Sementara itu, Dirut Rekind, Alex Dharma Balen, enggan berkomentar mengenai rencana akuisisi perusahaan yang dipimpinnya. “Tidak dalam kapasitasnya sebab ini aksi korporasi antara Pupuk Indonesia dan PT Pertamina,” kata pria yang pernah menjabat sebagai staf khusus Direktur Utama Pertamina itu kepada Gatra.

Pengamat ekonomi energi Universitas Gadjah Mada, Yogyakarta, Fahmy Radhi, menilai akuisisi Rekind tidak selaras dengan upaya pendalaman usaha Pertamina yang diperintahkan oleh Kementerian BUMN. Sebaliknya, demi pendalaman usaha, Pertamina harus melepas beberapa anak usaha yang tidak sesuai dengan bisnis inti.

Misalnya, anak usaha yang bergerak di bisnis Rumah Sakit dan Hotel. “Akusisi Rekind mengindikasikan bahwa Pertamina tidak istikamah dengan upaya pendalaman usaha, yang sedang dilakukan,” katanya kepada Gatra.

Di sisi lain, kata Fahmy, kondisi keuangan Pertamina juga lagi seret, sehingga aksi korporasi tersebut tidak tepat dan malah blunder.
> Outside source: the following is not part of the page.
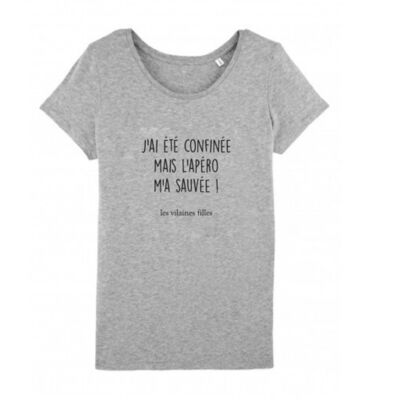 Round neck t-shirt I was confined but ... - Heather gray
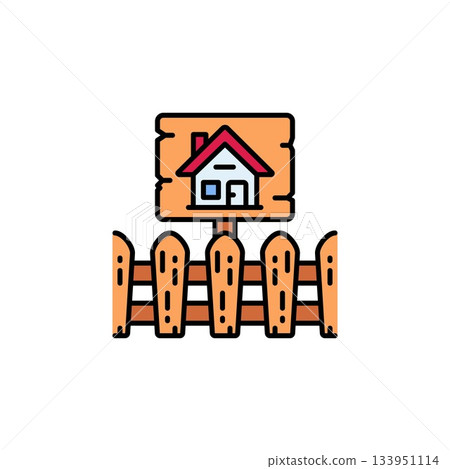 rent sign vector icon. real estate icon filled line style. perfect use for logo, presentation, website, and more. simple modern icon design color line style rent sign vector icon. real estate icon filled line style. perfect use for logo, presentation, website, and more. simple modern icon design color line style 133951114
Akusisi tersebut,  Fahmy menambahkan, memang bisa dibiayai dari sumber utang dan global bond. “Namun, penggunaan utang dalam kondisi merugi berpotensi memperbesar cost of capital yang berkontribusi terhadap peningkatan kerugian Pertamina,” ujarnya.

Hendry Roris Sianturi

 

Ahok Kembali Menohok

- Kementerian BUMN dibubarkan

- Tumpukan utang Pertamina US$16 miliar (setara Rp240 triliun)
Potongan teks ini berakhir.